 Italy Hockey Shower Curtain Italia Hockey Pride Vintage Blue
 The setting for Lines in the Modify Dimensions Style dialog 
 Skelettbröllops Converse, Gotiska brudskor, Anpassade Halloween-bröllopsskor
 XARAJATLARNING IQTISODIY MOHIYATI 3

--

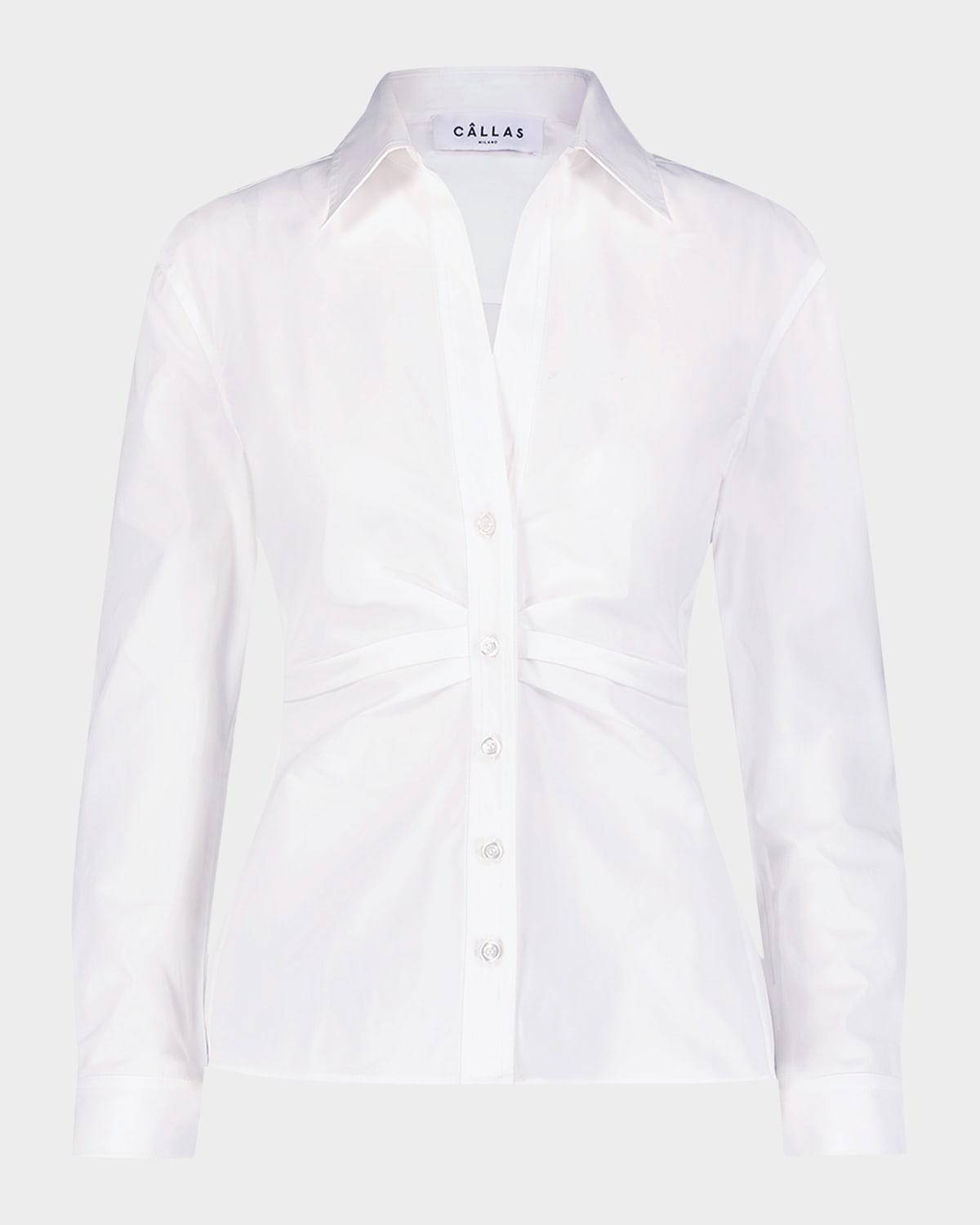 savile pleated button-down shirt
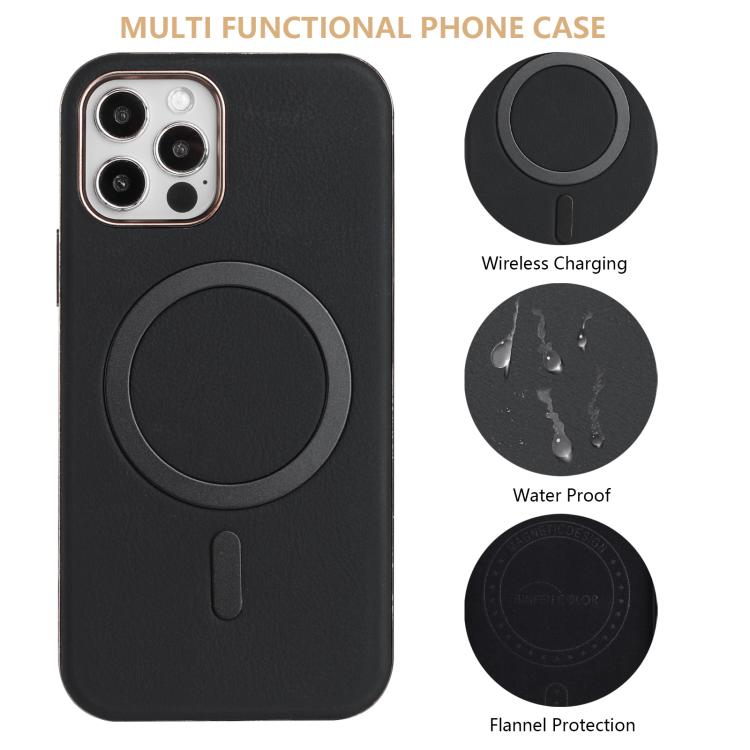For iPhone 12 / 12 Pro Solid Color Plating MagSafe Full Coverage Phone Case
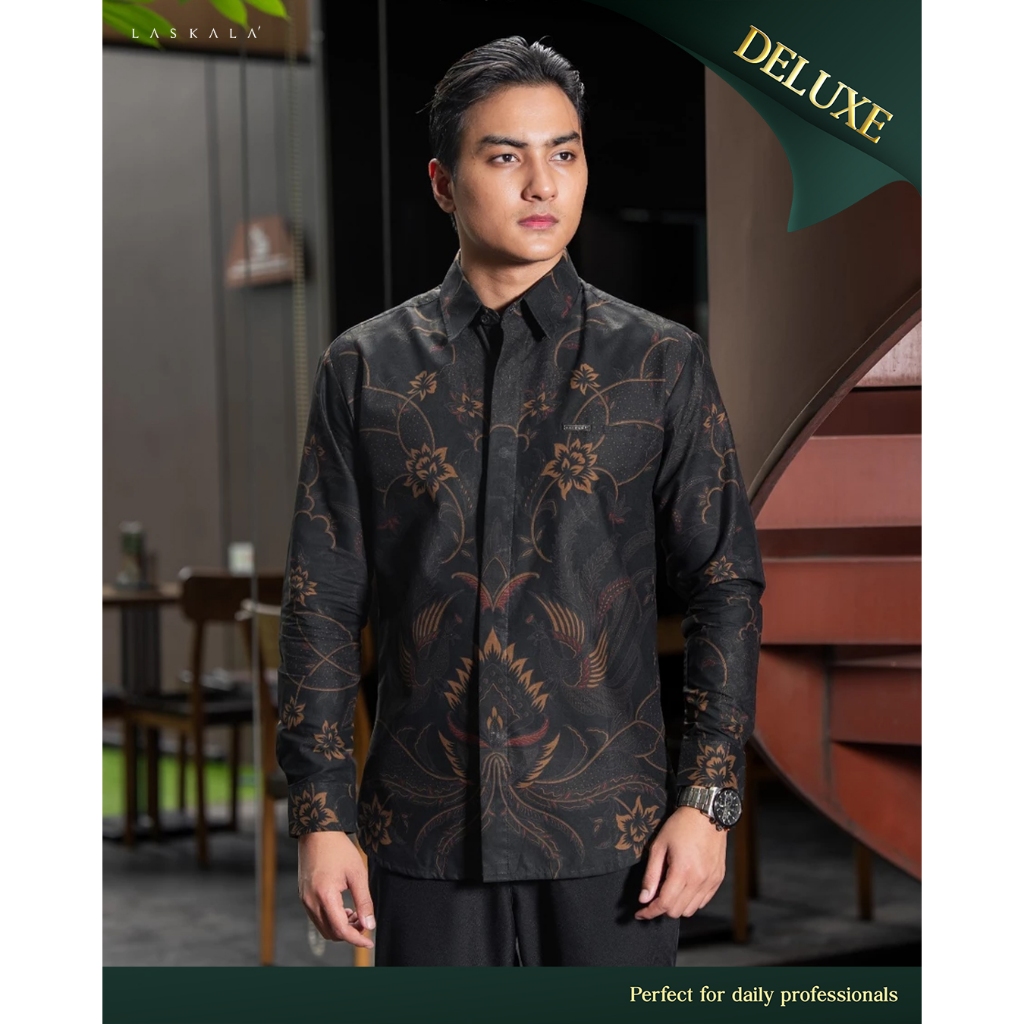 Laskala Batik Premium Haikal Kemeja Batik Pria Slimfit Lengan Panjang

TASK STATEMENT. In the material above, which lines fall between the one holding "savile pleated button-down shirt" and the one holding "Laskala Batik Premium", inclusive? Print exactly those, with the pictures left out.

ANSWER TO THE PROBLEM.
 savile pleated button-down shirt
For iPhone 12 / 12 Pro Solid Color Plating MagSafe Full Coverage Phone Case
 Laskala Batik Premium Haikal Kemeja Batik Pria Slimfit Lengan Panjang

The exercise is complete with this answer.